Wednesday, September 10, 2008

Ahoy! Book Review - Sea of Poppies

Hello Readers!

This being my inaugural blog post (and first book review of any sort for the Odyssey) I could not ask for a better book with which to introduce myself than this: I have just started Sea of Poppies, Amitav Ghosh's newest novel, due out in October. I am a long time Ghosh fan and count The Hungry Tide among my list of favorites, so I was quite excited when Emily Russo, our Events Coordinator, handed me an advance copy of Sea of Poppies. I was even more thrilled to find that the book opens in Ghazipur, not far from the dusty village in India where I lived for a year. I was hooked before I had even turned the first page.

Sea of Poppies is the first volume in what promises to be a rousing and enlightening trilogy about the British opium trade during the early 19th century and the ways in which it altered the lives of a myriad cast of characters. Vast in scope, Sea of Poppies spans multiple continents, traverses both land and sea, and weaves together the narratives of a motley crew of ship-bound strangers.

Many of Ghosh's books focus on characters who straddle cultures, countries with impossible to define borders, and regions with shifting lands; in The Hungry Tide island villages emerge and disappear each hurricane season, The Glass Palace explores the rise and dissolution of political regimes, nations and empires. In each of these, Ghosh forces readers to consider how history reveals the most enduring and seemingly stable of things to be ultimately tenuous, as ever changing as the ebb and flow of the ocean. Sea of Poppies is no exception.

The point of convergence for Sea of Poppies' characters is an ocean vessel called the Ibis. The Ibis is a retired slaving ship from the Americas that has been acquired by a British merchant who wishes to conscript it for the British East India Company's opium trade with China, which operated out of the Bay of Bengal. As a result, Ghosh sets up both Sea of Poppies, and ostensibly the trilogy as a whole, so that much of the action will take place in and around the Bay of Bengal and its many tributaries in India, across the ocean and toward the Chinese coast.

Bodies of water are a recurring theme across Ghosh's works and often form the unifying element of individual novels. By centering this new tale on the Ibis, Ghosh further distances himself, and his characters, from identifying with or planting their feet on any one land, nation, religion, or culture. His characters are either rootless or uprooted early on in the book, each instance of which serves as the impetus that guides them toward the Ibis. In addition to being a captivating narrative, this rootlessness makes Sea of Poppies a pointed comment on the struggles of displaced colonized peoples and on the rippling effects of colonial expansion. Ghosh spends some time early in the novel describing how the opium trade effectively pushed all other crops out of many Indian farmers' fields, forcing those farmers into increasing debt as they took advances and loans to cover the expense of buying the basic foods that they had previously grown. A virtue that Ghosh's books consistently reveal is his ability to make history come alive while drawing the reader's attention to stories often washed over in traditional historical accounts.

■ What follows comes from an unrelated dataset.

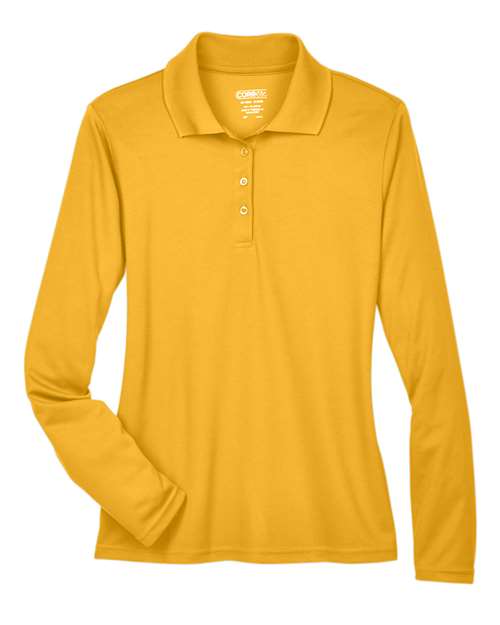 Women's Pinnacle Performance Long Sleeve Piqué Polo - Campus Gold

The language of Sea of Poppies also takes on an interesting historical dimension. The novel is written in English, but Ghosh calls attention to English's role as a colonizing tongue and does not position it as an assumed norm of the time. Rather, his characters' dialogue reveals English to be as eccentric and confusing a language as laskar, the sea-specific language of the sailors, or culurally based and geographically specific as perhaps Bhojpuri, a local Indian dialect. This is nowhere more evident than in the person of Mr. Doughty, an Indian-born Englishman, whose unique mixture of languages is both mildly humorous and indicative of the nature of cultural exchange that resulted from colonial commerce.

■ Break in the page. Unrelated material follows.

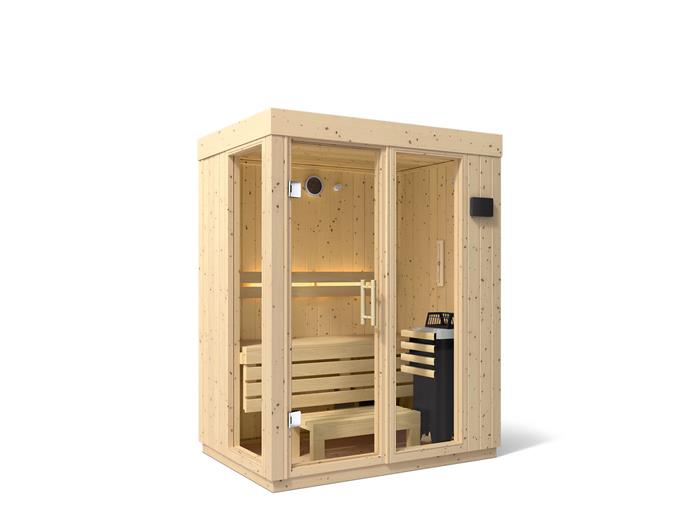 Kohler - C1 Indoor Sauna, Small, Floor - Scandanavian Spruce
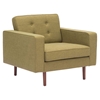 Puget Arm Chair - Tufted, Green - ZM-100218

To say that Sea of Poppies is a complicated novel would perhaps be appropriate. However, Ghosh's style might be better characterized as involved and elaborate. Ghosh's language is beautiful, rich with detail, and the amount of historical research that went into Sea of Poppies is incredibly evident, but his characters' dialogue can at times require some deciphering, aided in part by a glossary that appears at the end, written as if it were the record of a character in the novel.

If there is one criticism I'm inclined to pose, it's that Sea of Poppies might over-indulge Ghosh's penchant for extreme detail in pursuit of historical authenticity. It is a delicate balance that allows his works to seem incredibly present and brings characters into sharp focus, but which threatens to become distracting as his use of multiple languages and list of terms becomes ever larger and more unwieldy. It remains to be seen if embarking on a trilogy alleviates or exacerbates this tendency.

For now, I will continue to both forgive and enjoy Ghosh for his resurrection of the laskar's language and his fusion of Hindi and English, because it was those very details that made me feel completely transported to the Sundarbans in The Hungry Tide and that I hope will keep me sailing on the Ibis through all three novels.